If the Bay was the ancestral cradle, the energy shifted towards the mountain west. The hippies that left California headed to places like Boulder, Crested Butte, and Manitou Springs when land was cheap, the risk of wildfire low, and the drug policies lax. Over the next few decades, back to the soil, ski bum, and jam band dreams flourished in these arcadian corners. Colorado incubated The String Cheese Incident, Keller Williams, and The Yonder Mountain String Band, along with hundreds of more obscure bands that knew their way around a mandolin. As a 2019 Denver Post headline read: “Are We High, or is Colorado the #1 Market for Jam Bands?” As for Phish and The Dead, they might as well have their faces carved into the red sandstone slabs of the Flatiron Mountains overlooking the edges of Boulder. 

There is no evidence that Walton actually attended any of the Boulder shows, but his spirit looms over us, a logical outcome for a 7-foot septuagenarian in flamboyant color. On the first night of Boulder, the band achieves a forcefield that I’ve only seen them summon twice before (Halloween 2021 at the Bowl, New Year’s Eve 2020 at Chase Center). “Let the Good Times Roll” cruises into “Truckin’” to start the weekend with a statement of purpose. They cover Howlin’ Wolf and Weir namechecks South Colorado and Denver on “Me and My Uncle.” It’s a holiday and the set list is filled with nothing but the bangers you’d want to hear on your final Saturday night: “Eyes of the World,” “Shakedown Street,” “Sugar Magnolia,” “Scarlet Begonias,” “Deal,” “Dear Mr. Fantasy” with a “Hey Jude” coda. On  “St. Stephen” and “Terrapin Station,” they teleport to the other side.

Oteil Burbridge
Bassist Oteil Burbridge (Credit: Josh Hitchens)
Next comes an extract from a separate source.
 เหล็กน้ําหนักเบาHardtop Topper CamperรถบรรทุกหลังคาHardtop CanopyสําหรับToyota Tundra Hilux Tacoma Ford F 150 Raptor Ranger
To be there and willing to take the ride is to revert to your most atavistic self. In Boulder, I see spinning dance moves that owe no allegiance to rhythm, time signature, or self-consciousness: the funky egret, the Tasmanian shaman, the Telluride holy roller, the sorcerer’s shimmy, the Rocky Mountain dreidel. But for once, my eyes don’t roll and my caustic sensibilities malfunction. Any contempt for such silly but pure joy feels cheap and mean-spirited. You cannot conceive of a world outside of this moment, these hymns being played, and these people surrounding you – who you probably have very little in common with outside of a reverence for the Grateful Dead, but somehow, that is enough. 
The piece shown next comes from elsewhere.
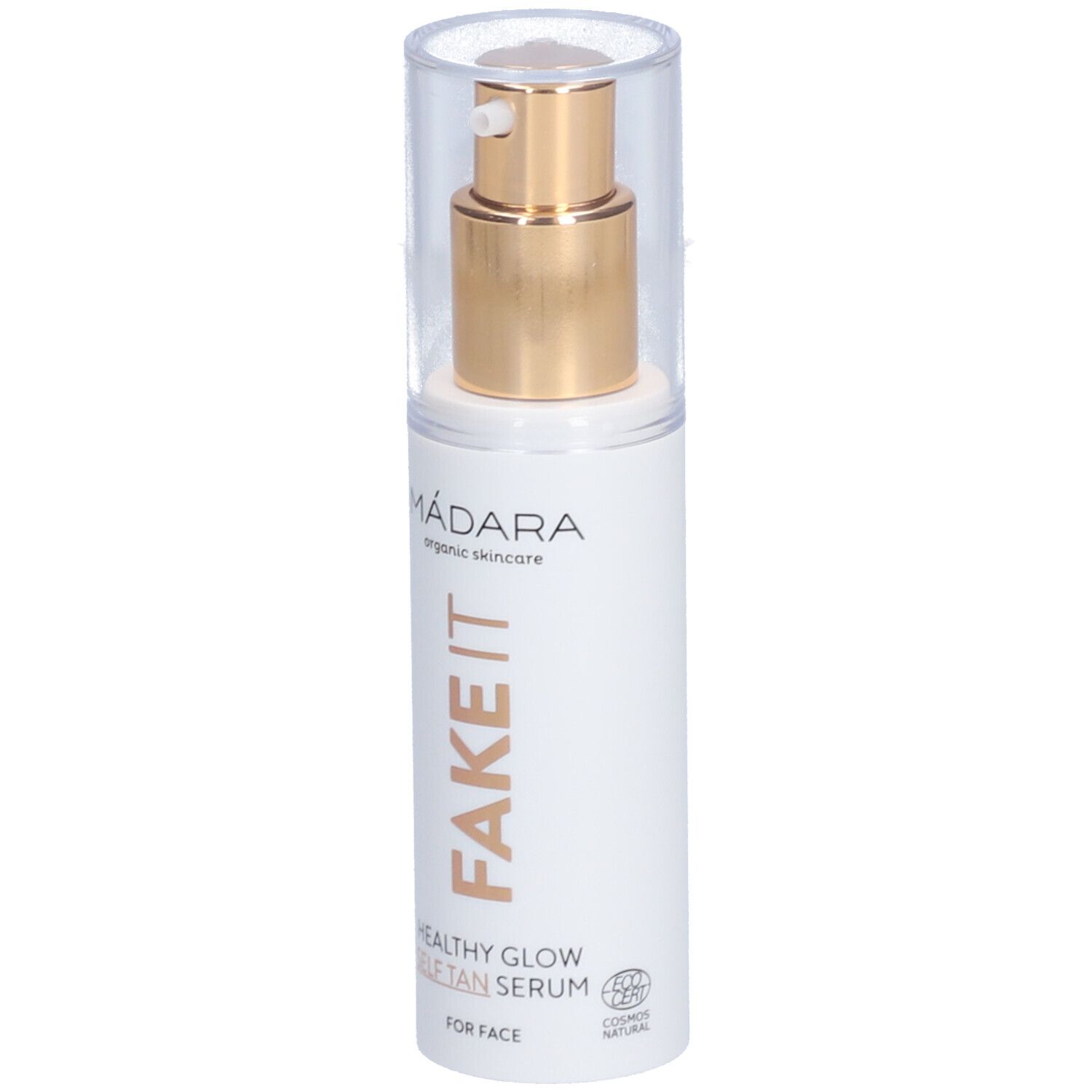 Flacone di siero bianco con erogatore dorato e cappuccio trasparente. Scritta: FAKE IT, HEALTHY GLOW.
Among the circuit of fellow travelers that I run in, everyone says the Wrigley shows were remarkable. The one-off Barton Hall show in May has already become fabled. But the Boulder trilogy is the most consistently formidable that I’ve ever seen them. The final evening is interrupted by a freak rain and lightning storm, which feels like a round of applause from providential sources – especially because it comes shortly after “Cold Rain and Snow.” 

The real applause comes at the end of the night when Dave Matthews joins the band to sing covers of Bob Dylan and The Band. The crowd detonates. Maybe it’s a matter of taste, but watching Matthews and John Mayer duet on “Knockin’ On Heaven’s Door” leaves me feeling like I have been suddenly transported to a Jewish summer camp that I purposely never attended. Someone around me suggests that maybe after Bobby dies, Dave and John can tour as Dead and Company, and it feels like the long black cloud is coming down.
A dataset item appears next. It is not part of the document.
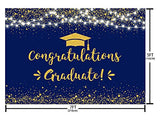 7x5ft Congratulation Graduate Backdrop Class of 2026 Graduation Party Decorations Background Blue Gold Congrats Grad Decor Banner Photography Background Studio Photo Booth Props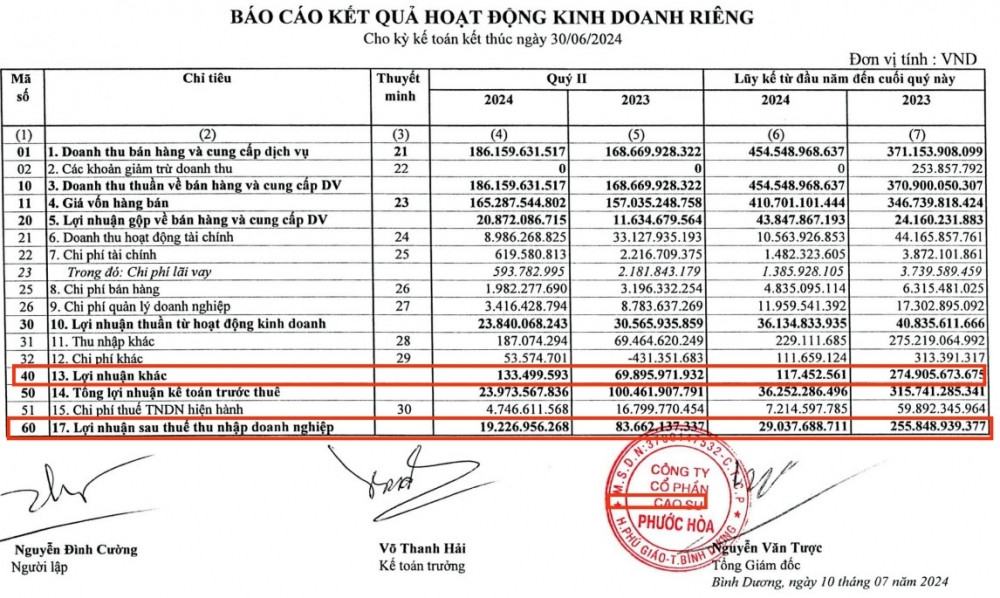 Công ty cao su đầu tiên công bố KQKD quý II/2024 với lợi nhuận sụt giảm 77%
Where have all the people gone today?

There is an Aston Martin parked in the open garage of the house next to 710 Ashbury St. Two khaki-panted, sunglassed programmers in their mid-30s lazily tinker on the $200,000 sports car. Alternately, they gawk at the tie-dye Haji posing for Instagram photos outside of the freshly painted two-story Victorian. No plaques commemorate the time that the Dead spent here from 1966 to 1968, but during the final weekend of the final tour, it might as well be the Grotto of the Apparitions. 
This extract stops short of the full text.